TO DO: Give back every entry exactly as it is written, but not the pictures.

RECORDS TO USE Start Marker

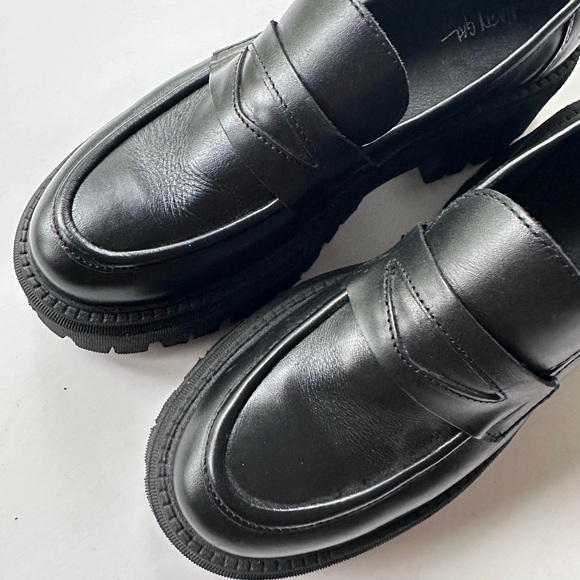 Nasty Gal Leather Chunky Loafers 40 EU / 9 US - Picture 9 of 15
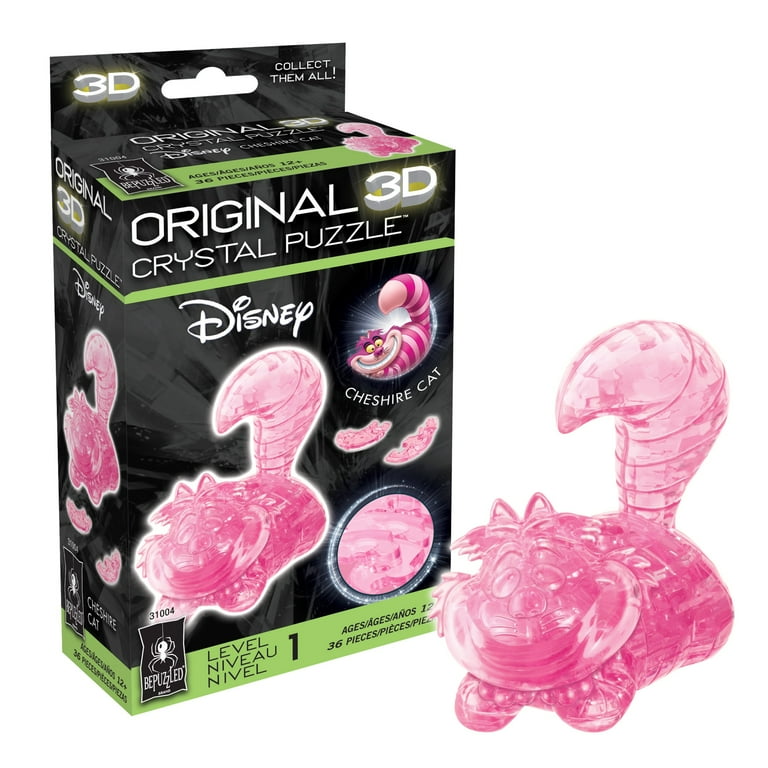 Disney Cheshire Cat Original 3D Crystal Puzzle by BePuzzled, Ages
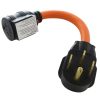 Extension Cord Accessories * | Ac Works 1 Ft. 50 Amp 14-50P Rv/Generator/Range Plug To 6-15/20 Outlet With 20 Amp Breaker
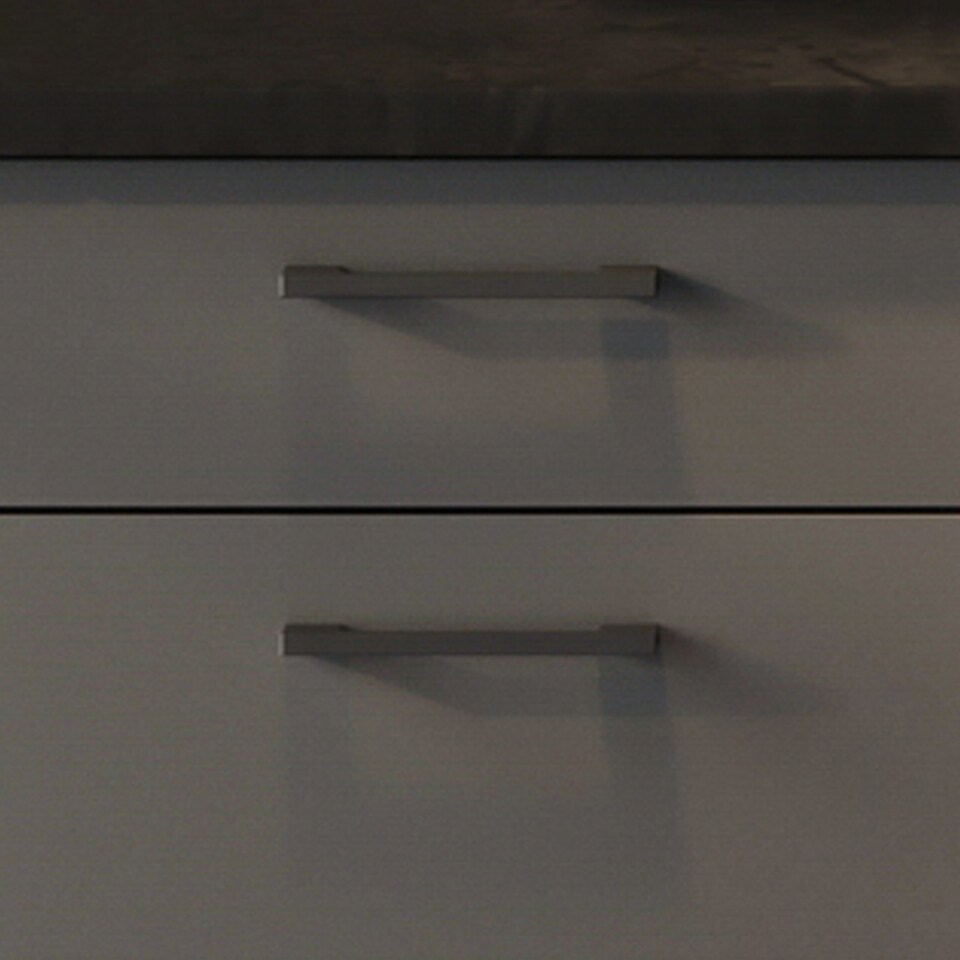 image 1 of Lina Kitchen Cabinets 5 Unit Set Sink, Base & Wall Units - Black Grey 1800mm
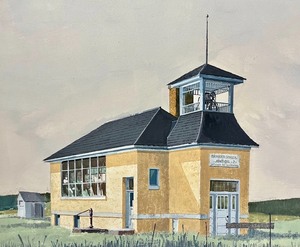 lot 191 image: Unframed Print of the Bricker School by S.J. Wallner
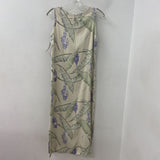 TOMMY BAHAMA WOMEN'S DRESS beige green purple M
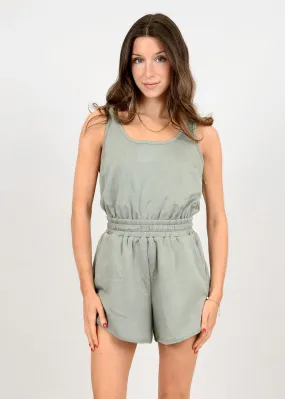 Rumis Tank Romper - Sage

RECORDS TO USE End Marker

EXERCISE ANSWER:
 Nasty Gal Leather Chunky Loafers 40 EU / 9 US - Picture 9 of 15
 Disney Cheshire Cat Original 3D Crystal Puzzle by BePuzzled, Ages
 Extension Cord Accessories * | Ac Works 1 Ft. 50 Amp 14-50P Rv/Generator/Range Plug To 6-15/20 Outlet With 20 Amp Breaker
 image 1 of Lina Kitchen Cabinets 5 Unit Set Sink, Base & Wall Units - Black Grey 1800mm
 lot 191 image: Unframed Print of the Bricker School by S.J. Wallner
 TOMMY BAHAMA WOMEN'S DRESS beige green purple M
 Rumis Tank Romper - Sage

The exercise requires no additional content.